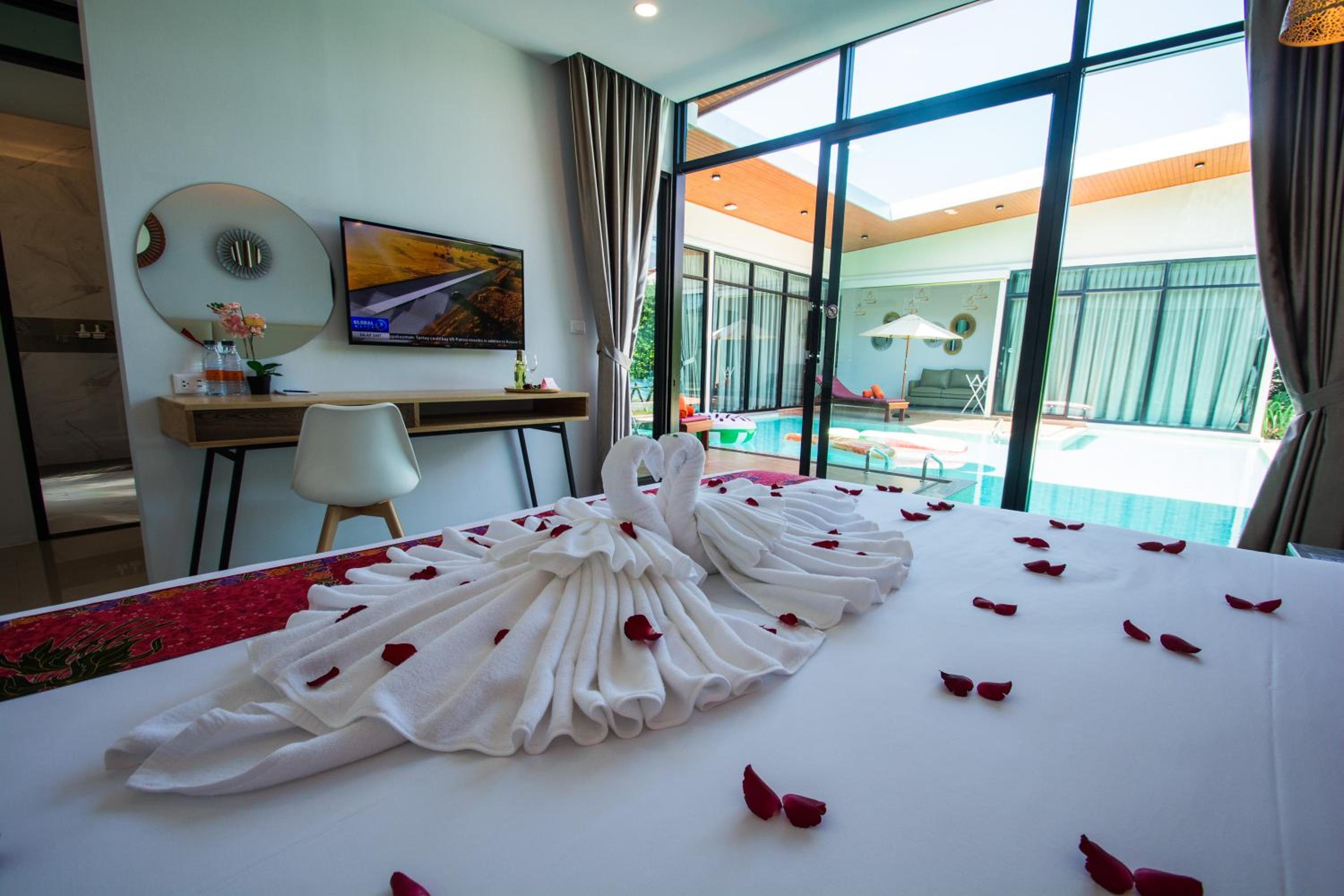 Four Bedroom Private Pool Villa - Photo 27
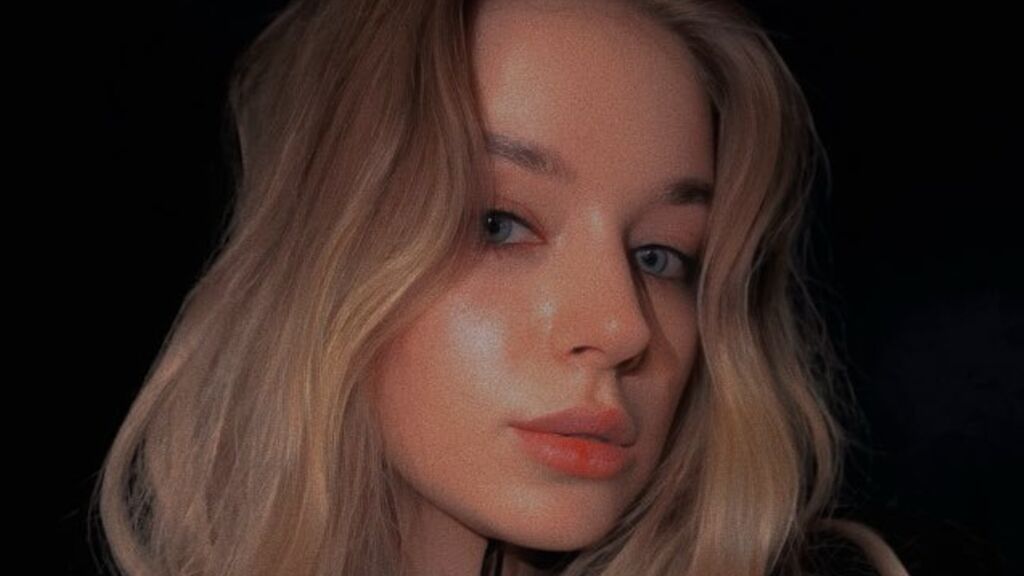 EnidChmelicek live cam model at LiveJasmin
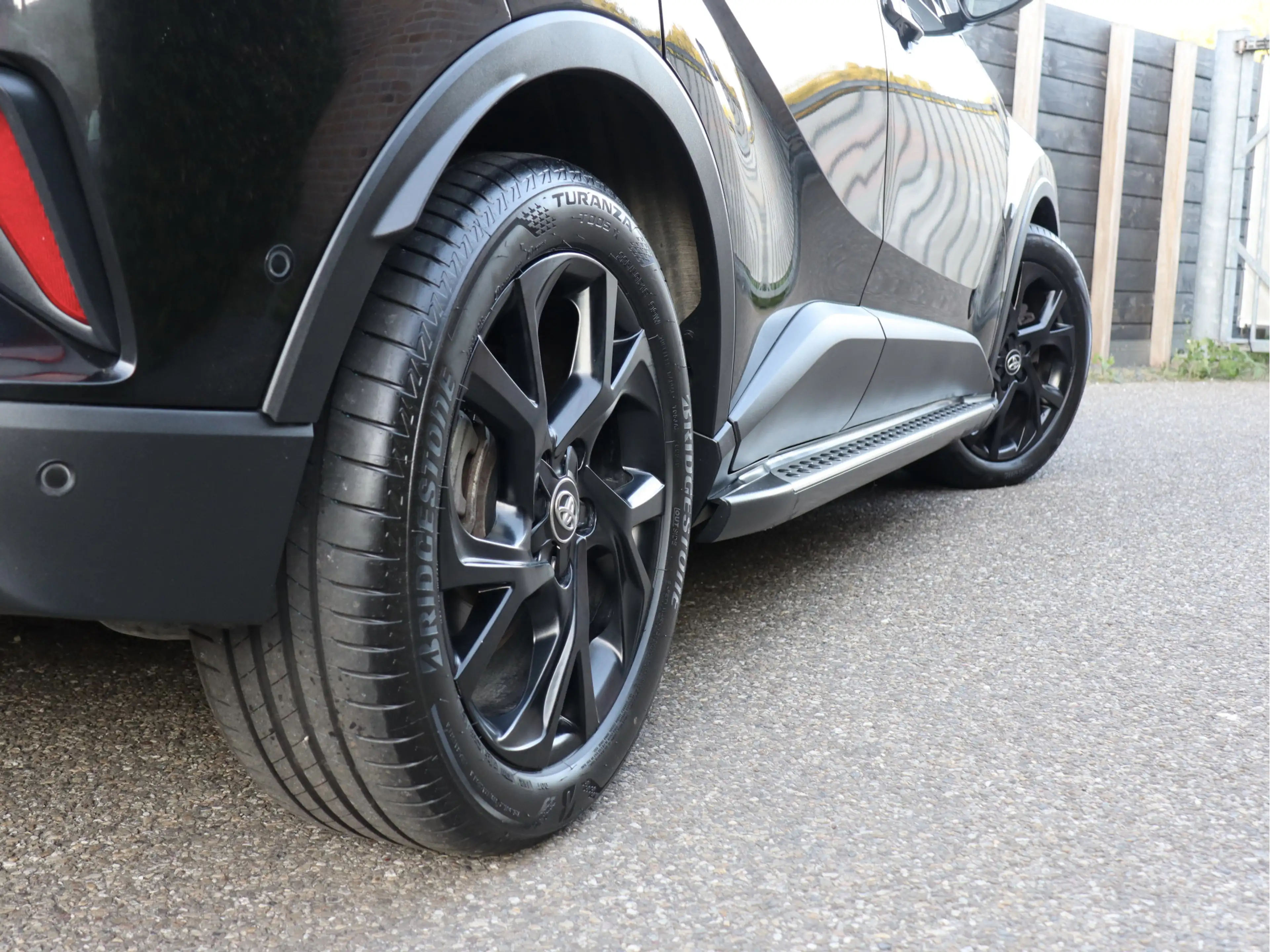 Toyota C-HR 1.8 Hybrid Adventure leder | dealer o.h. — photo 35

------------

■ **ABOUT THIS TASK**
Without the pictures, give every line of the data again, exactly as written.

■ **THE COMPLETED TASK**
 Four Bedroom Private Pool Villa - Photo 27
 EnidChmelicek live cam model at LiveJasmin
 Toyota C-HR 1.8 Hybrid Adventure leder | dealer o.h. — photo 35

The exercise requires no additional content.